Giornata nazionale di prevenzione dello spreco alimentare

Il cibo rappresenta una risorsa indispensabile per il nostro sostentamento. Maslow nella sua piramide dei bisogni ha posizionato il nutrirsi alla base, identificandolo come un bisogno fisiologico tra i bisogni primari. Ma come accade per molte altre risorse anche il cibo vede un gap enorme tra chi ne ha in abbondanza e chi continua a soffrire di fame. Il 5 febbraio si celebra la giornata di prevenzione dello spreco alimentare in Italia, giornata istituita nel 2013 dal Ministero dell’Ambiente e mira, come dice il nome, a prevenire lo spreco alimentare.

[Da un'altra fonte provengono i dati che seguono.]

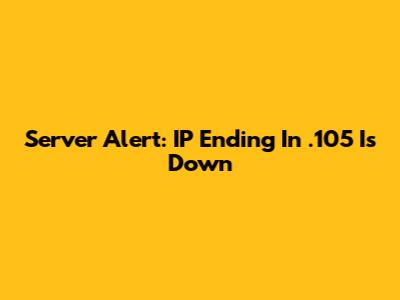 Server Alert: IP Ending In .105 Is Down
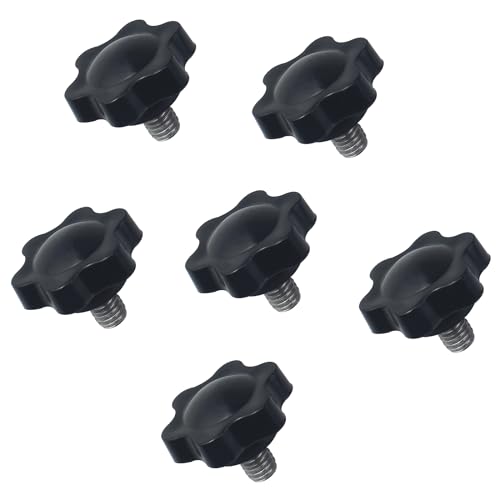 GWYAN 6 Pcs M6*8MM Star Handle Black Plastic Threaded Clamping Knob Hexagonal Knob Handle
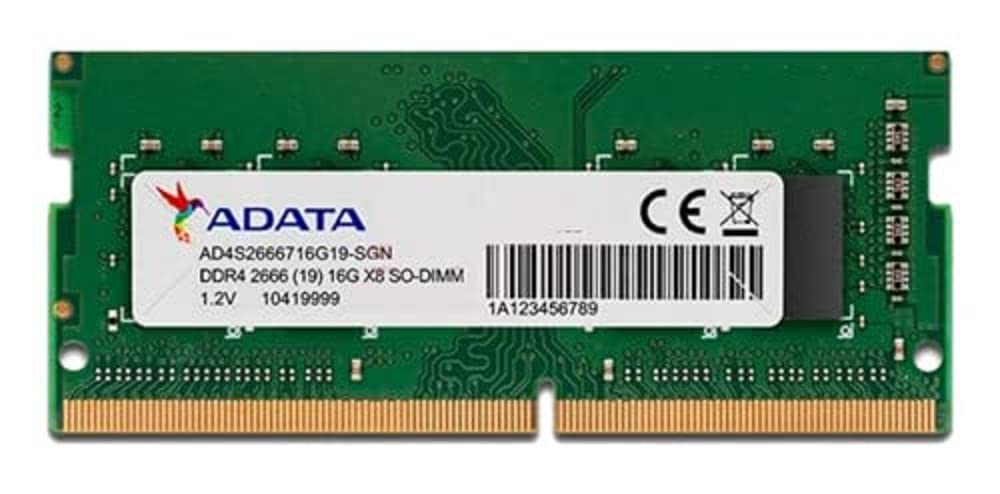  [AUSTRALIA] - ADATA Memory 16GB DDR4-2666MHZ 1.2V - Notebook - AD4S266616G19-SGN 2666MHz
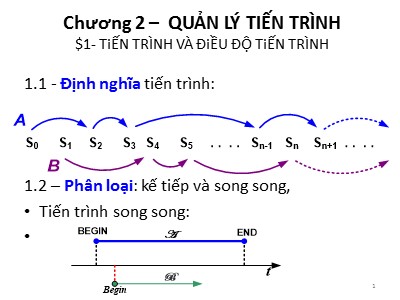 Bài giảng Nguyên lí hệ điều hành - Chương 2: Quản lý tiến trình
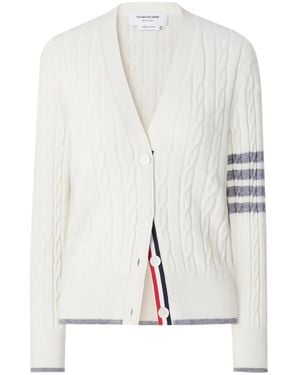 Thom Browne Cárdigan De Cachemira Con Motivo 4-Bar - Blanco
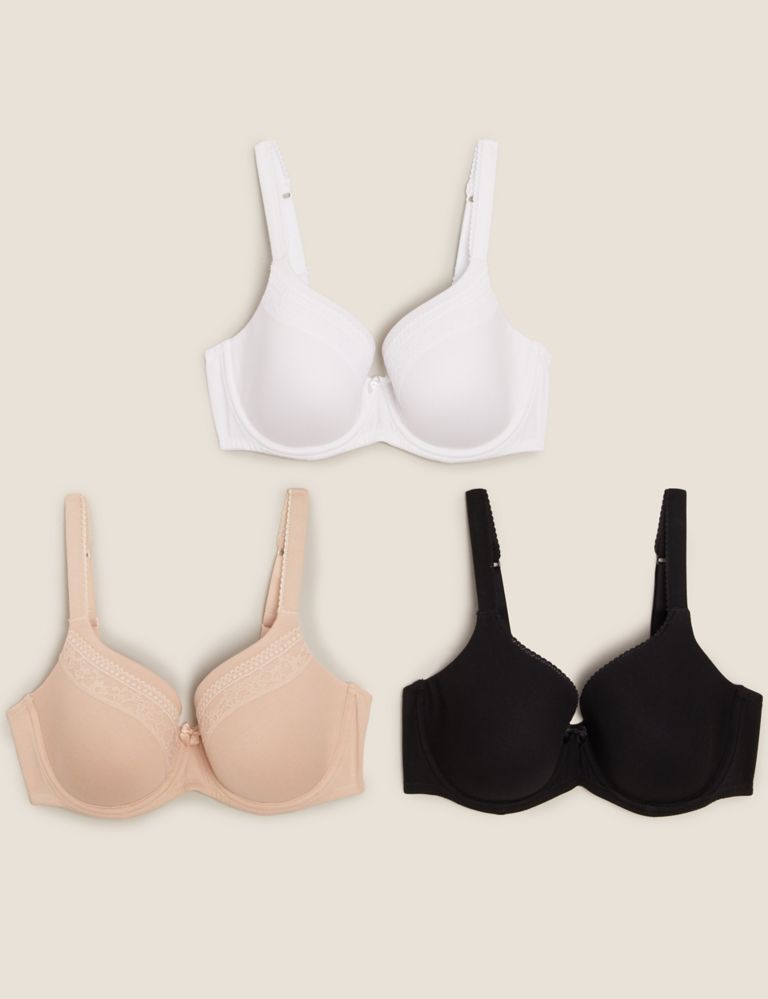 3pk Cotton Wired Full Cup Bras A-E 1 of 1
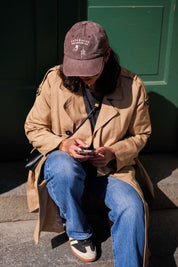 Brown Denim Cap - Logo "Cats & Wine Make Everything Fine"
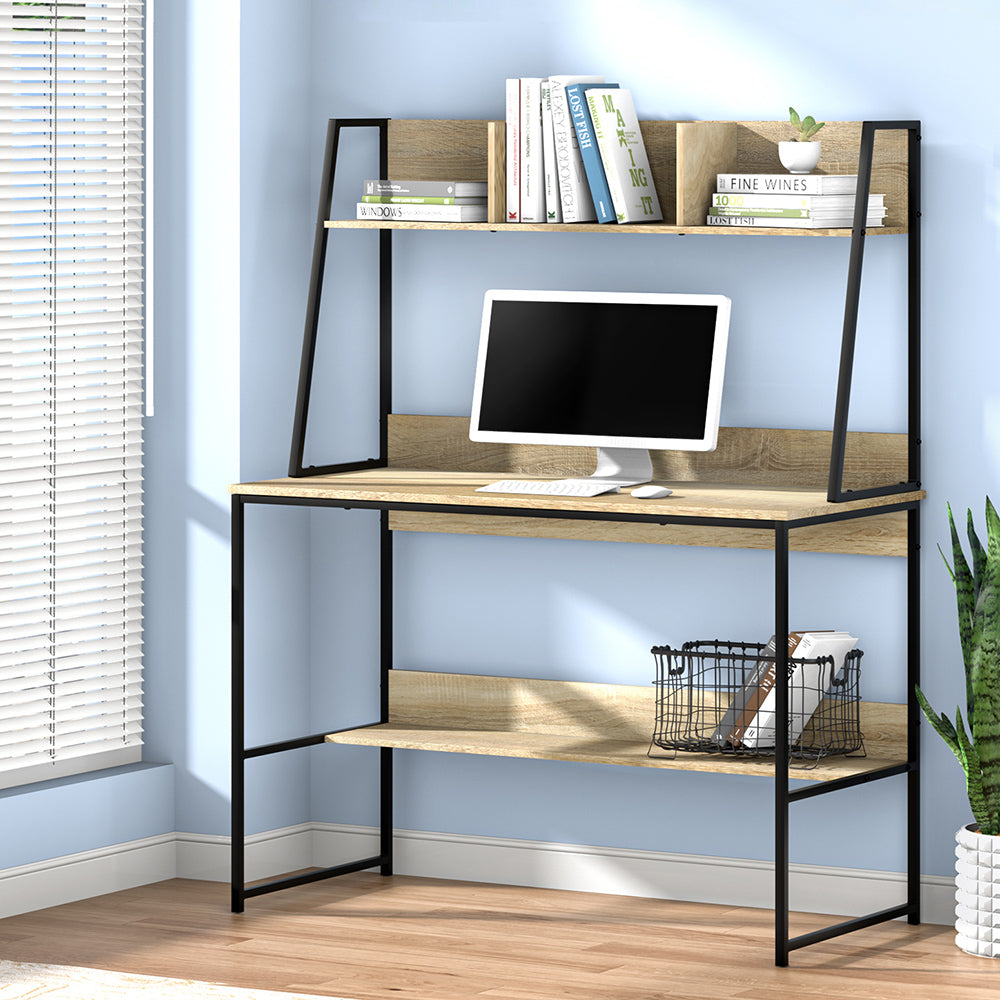 Desks: Artiss Computer Desk Bookshelf Storage 100CM Oak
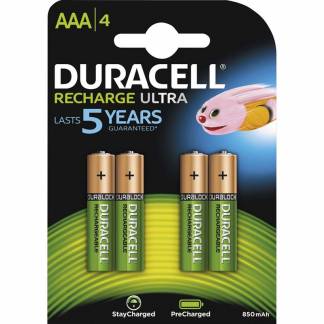 Batteri Duracell genopladelig AAA 900mAh 4stk/pak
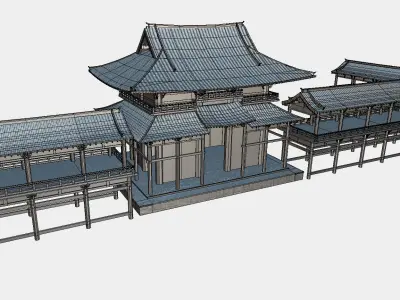 PBR Asian Buildings Collection Low-poly 3D model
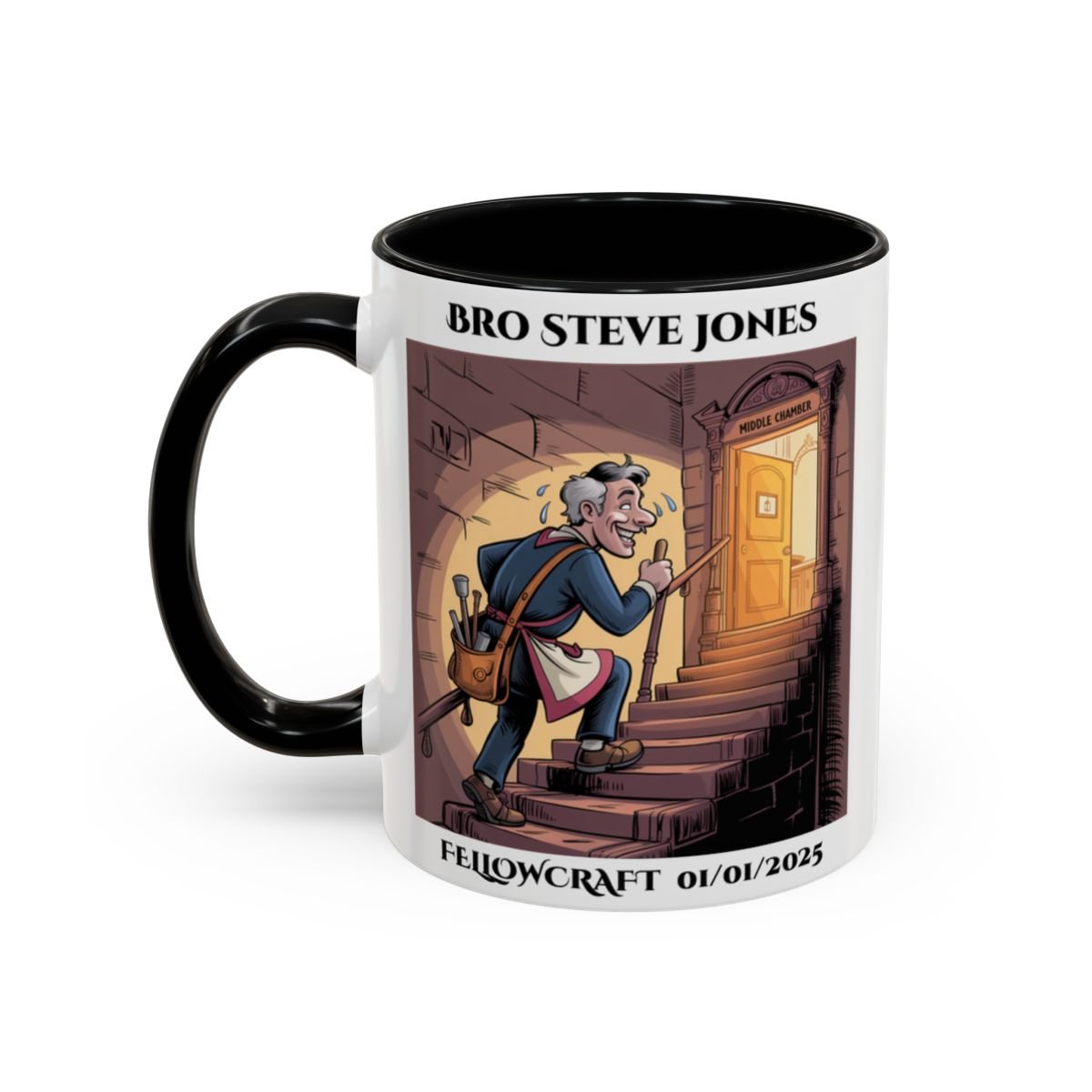 Premium Personalised Freemason Colour Rim Mug - Fellowcraft - Masonic Mugs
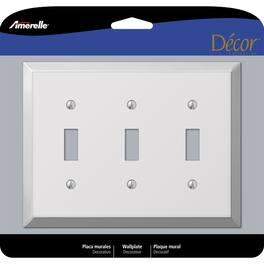 AMERELLE - Century Polished 3 gang Stamped Steel Toggle Wall Plate 1 pk - Chrome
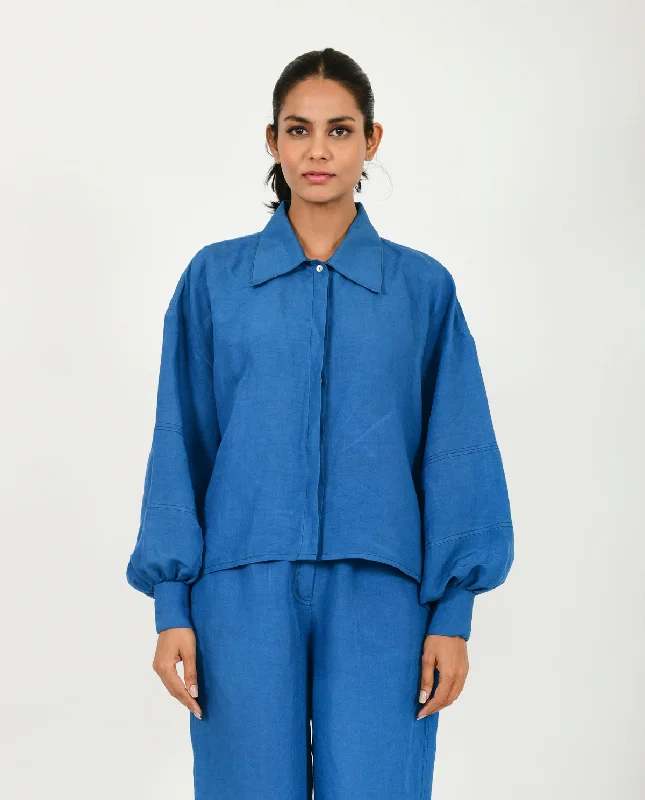 Ruffled ShirtsClassic Blue Linen Bell Shirt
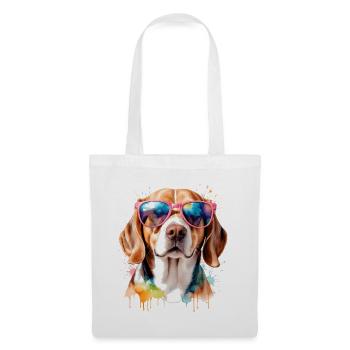 Beagle Sonnenbrille Hund Lustig Tier Design Print - Stoffbeutel - Weiß - Vorne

Gran parte del fabbisogno idrico mondiale è legato alla produzione di cibo, pertanto quando si parla di spreco alimentare è importante comprendere che la questione non riguarda soltanto il cibo, ma anche  tutto ciò che viene impiegato in questa catena di produzione. Si parla, quindi,  di acqua, come di suolo, ma anche di combustibili fossili e fonti energetiche. Provocando di conseguenza un forte impatto sulla biodiversità e sul clima. È stato , infatti, stimato che gli sprechi alimentari nel mondo sono la causa dell’emissione di circa 3,3 miliardi di tonnellate di C02 . Per avere un quadro chiaro dell’effettiva quantità è sufficiente prendere come esempio la Cina, una delle potenze più inquinanti al mondo: l’emissione di CO2 dovuto allo spreco alimentare mondiale va a posizionarsi soltanto due gradini più in basso rispetto la quantità complessiva delle emissioni di CO2 dichiarate dalla Cina.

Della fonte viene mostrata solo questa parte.